三年前に本作を書いた時にはこのような事態になるとは思ってもおりませんでした。言い当てることができた部分もありつつ、(悪い意味で)現実に想像を越えられた部分もあり、作者としても複雑な思いで振り返る作品です。恐らくはタグの検索で見つけていただいたのでしょうか。今、このタイミングでご感想をいただけたご縁を嬉しく思います。
まだ先の状況が見えない中ですので、どうぞお体にお気をつけてお過ごしくださいますように。
[一言]
よく考えれば恐ろしい蝶の病、けれどいつしかこの奇妙な現実に慣れてしまう辺りが、とてもリアリティーがあるように感じられました。
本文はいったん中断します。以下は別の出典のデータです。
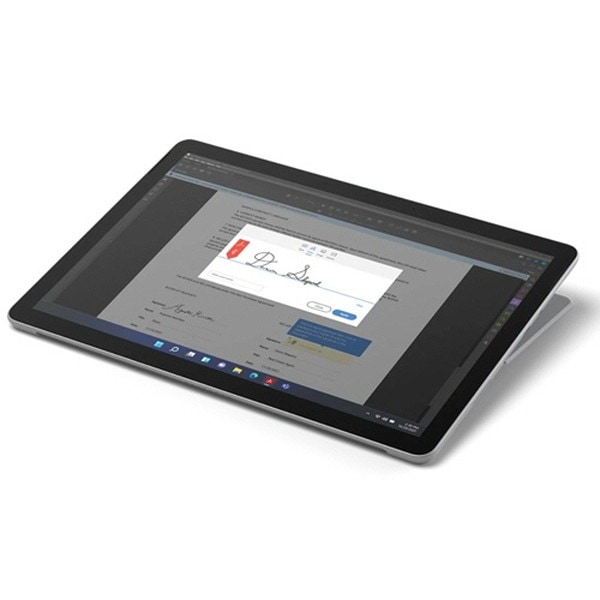 【新品・未使用・未開封】Surface Go 4 プラチナ マイクロソフト Surface Go 4 N200 / 8GB / 64GB / プラチナ Windowsタブレット本体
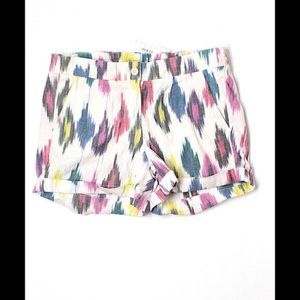 J.Crew Multi Color Ikat Shorts - 4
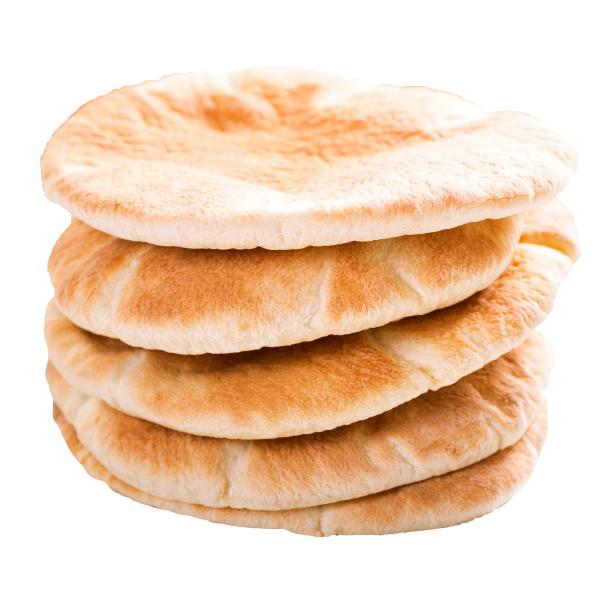 פיתה חמישיה 10*500גרם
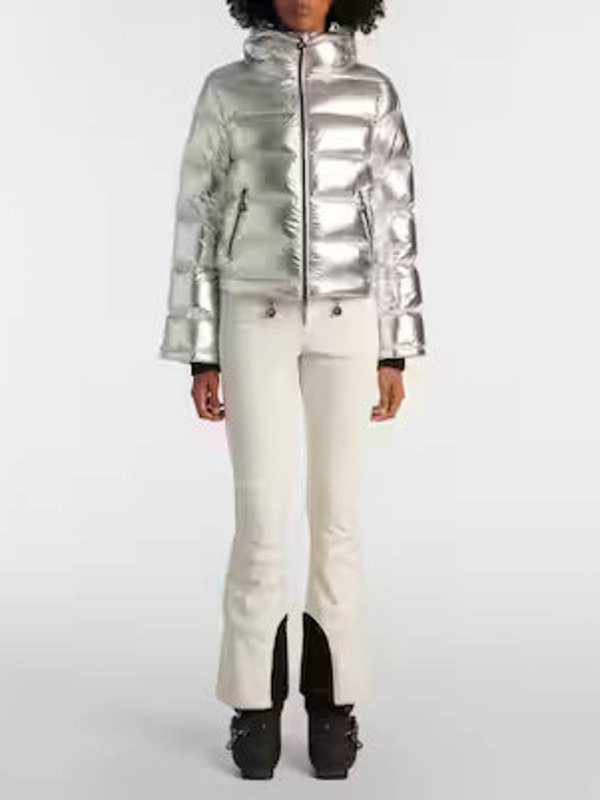 PERFECT MOMENT: giacche imbottite online - Piomino Argento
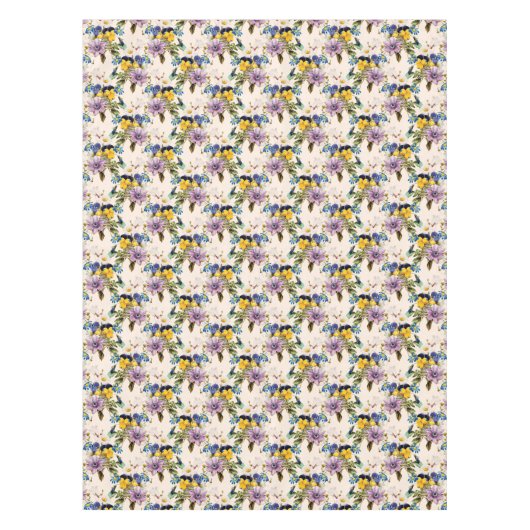 Tuinplezier Bloemen Tafelkleed (Voorkant)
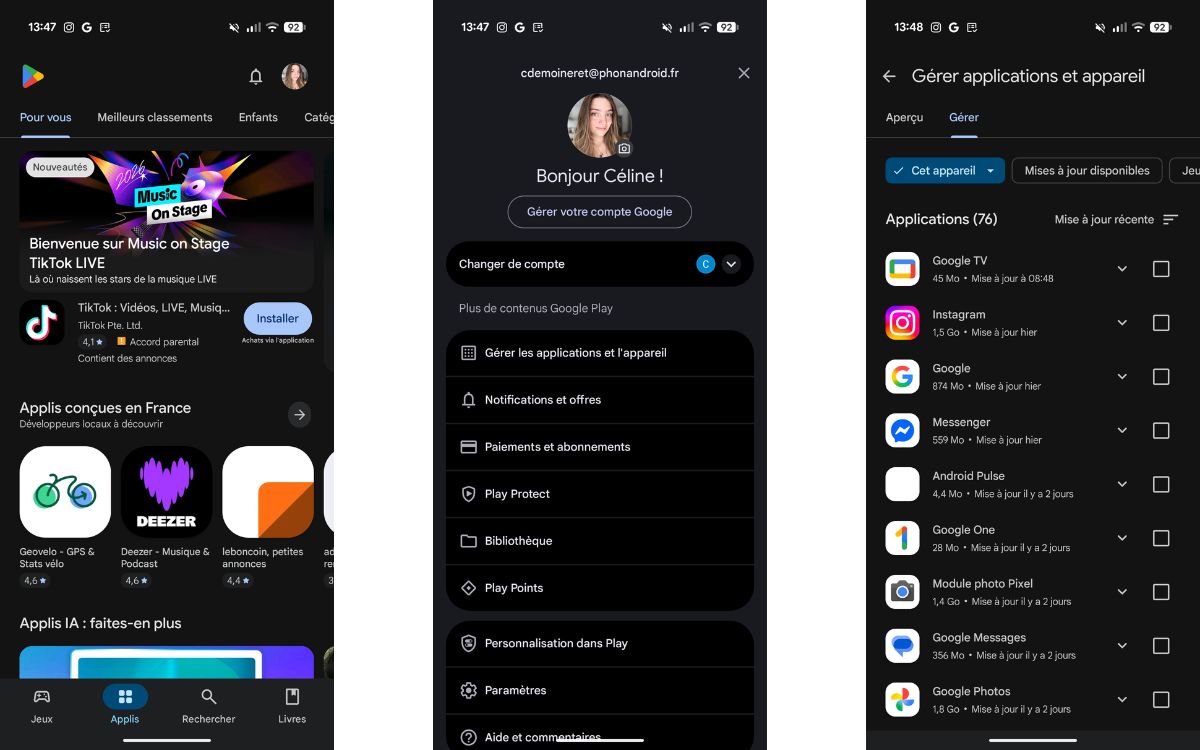 Android Pulse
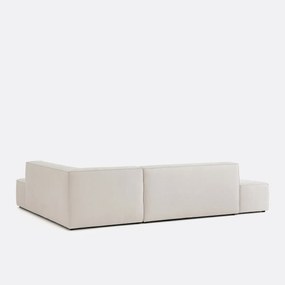 Omvormbare hoekbank in polyester, Ginosa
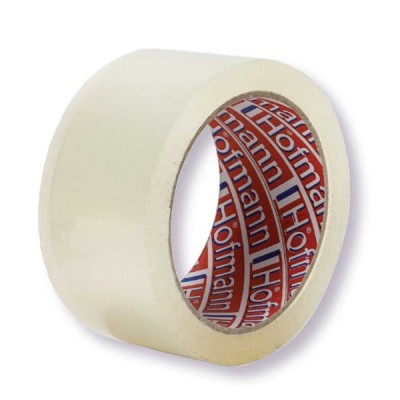 Nastro imballo hotmelt larghezza 50 mm lunghezza 50 yds trasparente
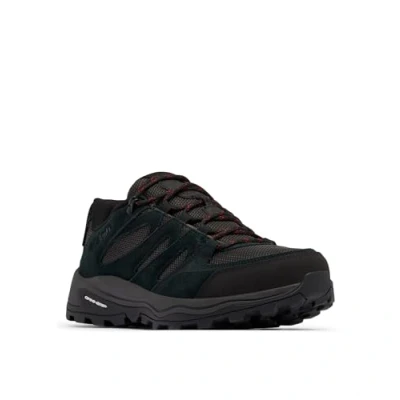 Afbeelding van Columbia Redmond 4 Low Waterproof Trekking en wandelschoenen voor heren, Black Mountain Red, 50 EU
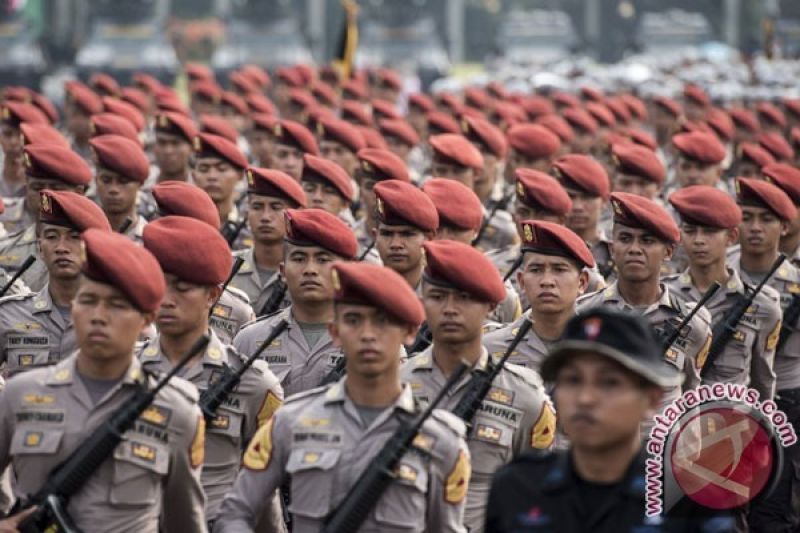 Polres Garut antisipasi kejahatan jalanan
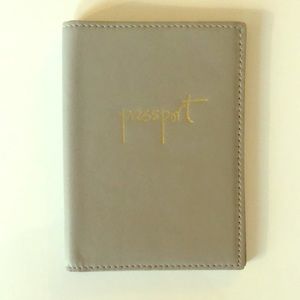 Leather Passport Case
酸性雨も放射能も地震もある一定の水位を越えてしまうと、人間の心からはさっと波が引いてしまうのかもしれません。もしくは許容量を越えてしまうと、感覚が麻痺してしまうのでしょう。

日常生活で息苦しさを感じている主人公が、憧れ、希望としてすがっていた蝶の群れ。望みが叶うことはないのかもしれないと思っていた中でのラストは、きっと彼女は幸せだったのだろうと納得できるものでした。蝶の糧になるために羽化の現場をさすらい、病に気がついてからは淡々と身辺整理に動く。最後の蝶の群れの羽ばたきは、声なき主人公の歓喜の叫びのようにも思えました。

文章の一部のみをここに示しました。